# ? about removing a tub and resale value



## ford2fast9 (Mar 9, 2009)

The house we live in now has 2 small bathrooms but the guest is bigger than the master( the master only has one sink). There next to each other and i came up if i go into the other bathroom about 16" i can free up enough space to have 2 sinks and a nicer tub enclosed in tile in the master bath. Bad thing on the other side i dont think i can have room to place a tub at. I can do a pretty nice size shower 33x45 but will this hurt my resale value. 

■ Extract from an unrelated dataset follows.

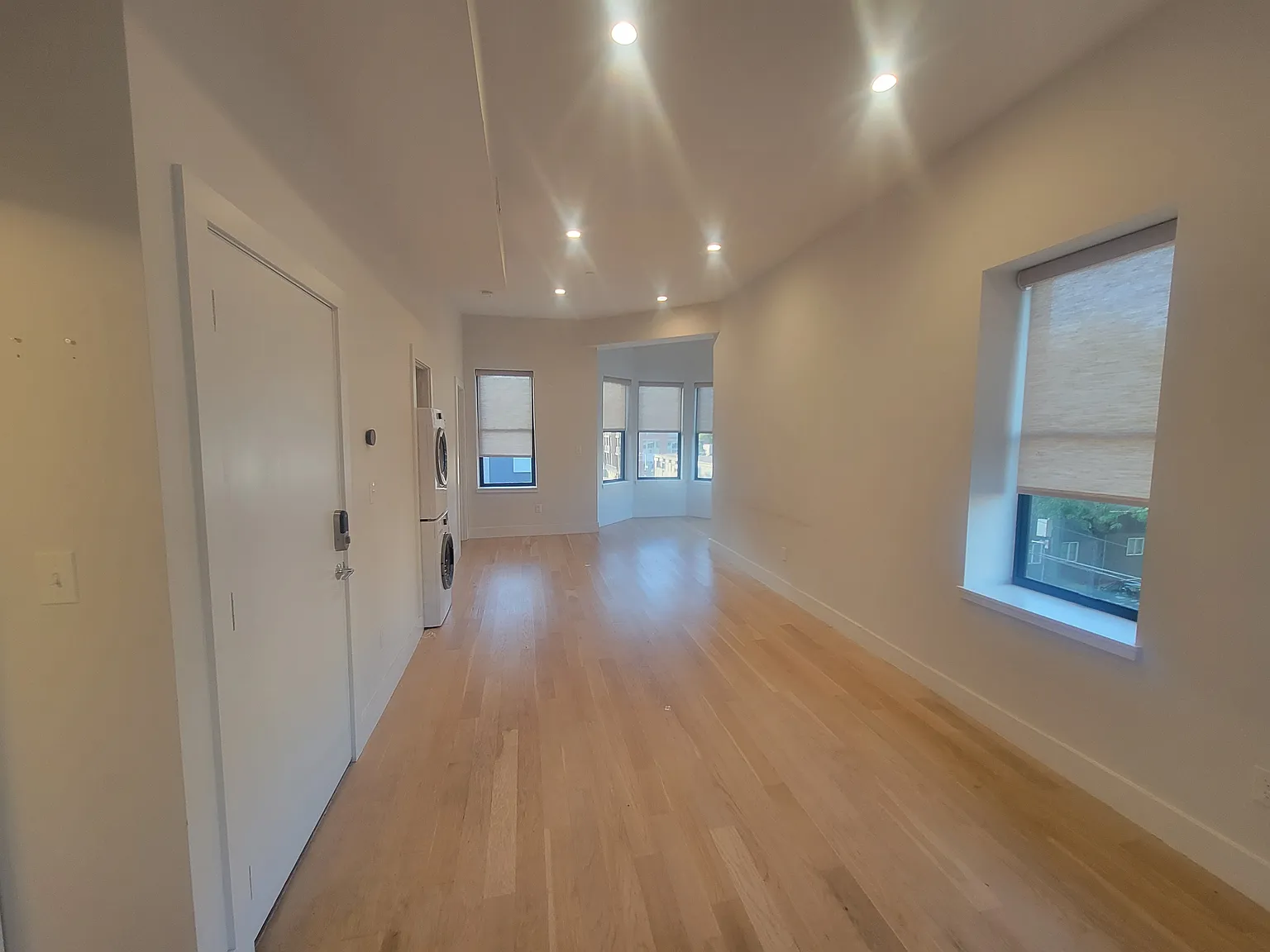 2 bed, 966 sqft, $3,550 — Photo 3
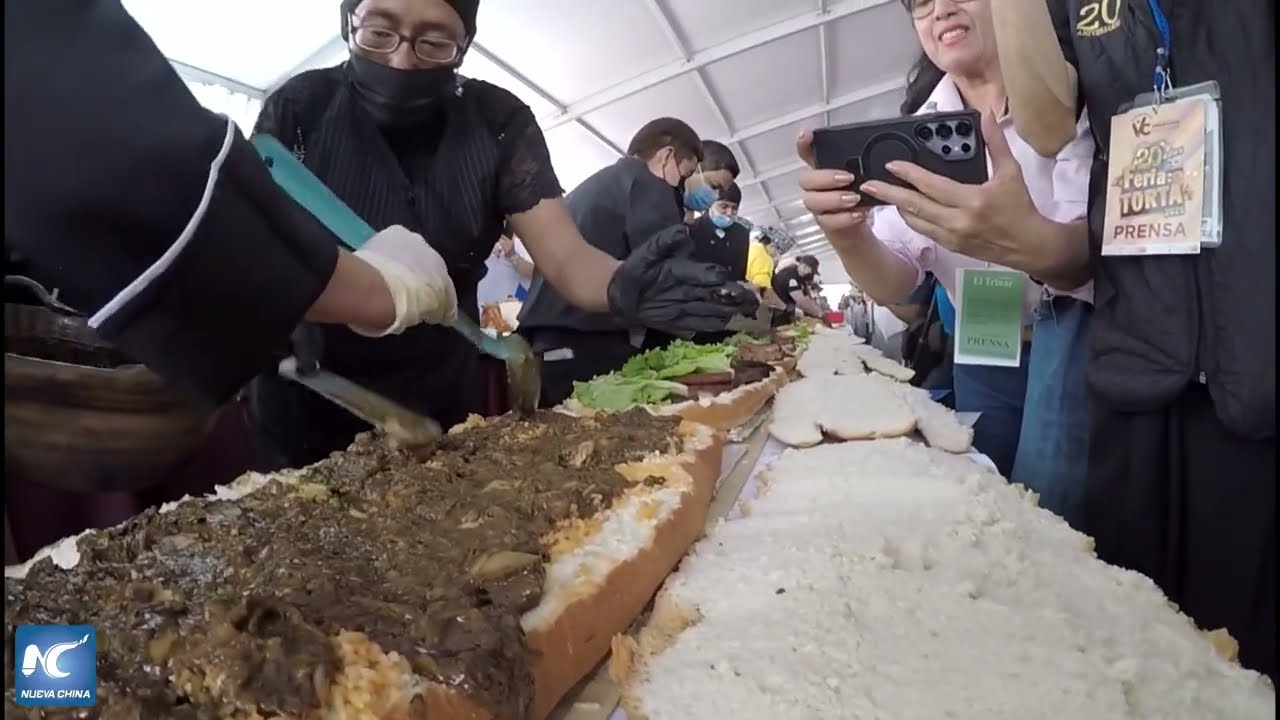 Se rompe la marca de la torta más grande del mundo en Feria de la Torta, en CDMX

Thanks just trying to put everything in prospective before i get serious about doing the project


----------



## Bob Mariani (Dec 1, 2008)

as long as you have at least one tub you should be fine with resale value.


----------



## LeviDIY (Apr 16, 2009)

We're in a similar boat... have 2 bathrooms, already redid the 2nd/guest and will be doing master early next year. We were told by multiple real estate agents and a couple friends in the biz that you need to maintain at least 1 tub in the home... in this case its our 2nd bathroom, and we'll be removing the tub in the master and replace with a standing shower.


----------



## rselectric1 (Oct 12, 2009)

Ask a local realtor what the implications of this are. Preferences vary by region, and even sometime city.


----------



## bjbatlanta (Jul 16, 2008)

I would think the "community" bath would be the one to leave the tub in. Just my opinion though and my wife tells me when it comes to "design/decor" all of my "taste" is in my mouth.....


----------



## Scuba_Dave (Jan 16, 2009)

Yeah, usually you want the kids taking their baths in the Main bathroom
Not going thru the Master bedroom to get to the tub
If you are thinking about resale might want to take that into consideration


----------